Beyond that, there are no legal requirements to keep anything else. You might keep receipts in the case of products still under warranty where you need proof of purchase to make a claim. Throw out most everything else. But I will say that once in a blue moon you need to find something, and you usually need it the day after the trash men came and took it away :slight_smile: I keep cancelled checks almost forever but they don’t take up much space, and I write very few checks since I got a debit card years ago.

The only reason to keep utility bills at all is if you want to sell your home and show the costs to prospective buyers. One year is plenty.

Aside from tax records, you just have to decide how likely you are to ever want to look at this stuff again.

However long you keep it, when you get rid of it do so by shredding or burning. Don’t just throw it away intact.

Just to add what others have posted: you should hang on to end-of-the-year (EOY) brokerage statements for as long as you still own the shares that first appear on them, and for at least three years after you sell them. In other words, if you bought 100 shares of XYZ Corp. in June, 1975, your 1975 EOY statement should list that purchase. When you sell the shares, you’ll need to know what you paid for them (to figure the capital gain), and if audited, you’ll need to able to show the IRS something to back up your figures. And if you bought the shares in 1975, and sold them in 2002, you should hang on to the 1975 statement until 2005, 3 years after you filed the tax return that includes the capital gain from those shares.

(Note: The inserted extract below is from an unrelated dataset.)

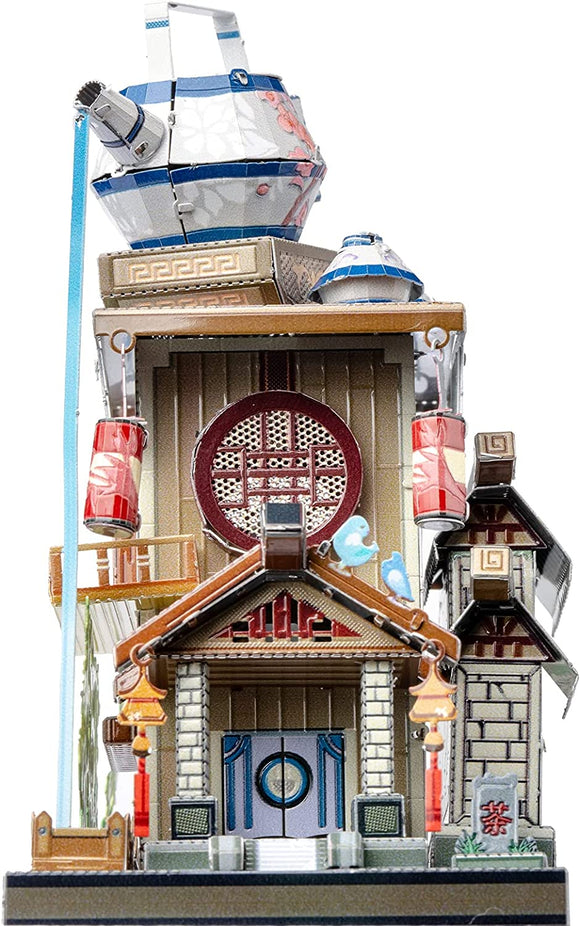 The Travel the World Tea House, a detailed DIY kit by Mu Model, showcases intricate architectural elements resembling a traditional tea house with multiple roofs, hanging lanterns, and decorative panels. This creative model features vibrant colors, a tea pot on top, and delicate designs, making it an eye-catching piece for any crafting enthusiast.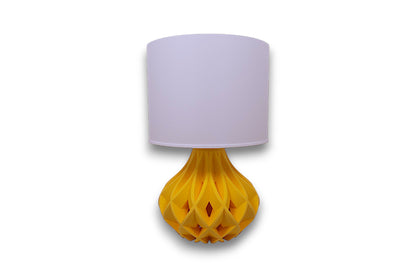 Table lamp – white cylindrical lampshade with sculptural yellow bulbous base, geometric interwoven pattern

This is especially true if you’ve changed brokerage firms, since if you’re no longer a client of your old brokerage firm, they might be a little slow about digging up the info for you if you didn’t keep your own copies. Even your current brokerage might find it hard to lay their hands on records that are more than a few years old; it could be expensive and time-consuming to get them.

If you’ve done any substantial amount of trading, it’s probably easiest simply to keep all your EOY brokerage statements, and let your executor pitch them after you’ve shuffled off this mortal coil.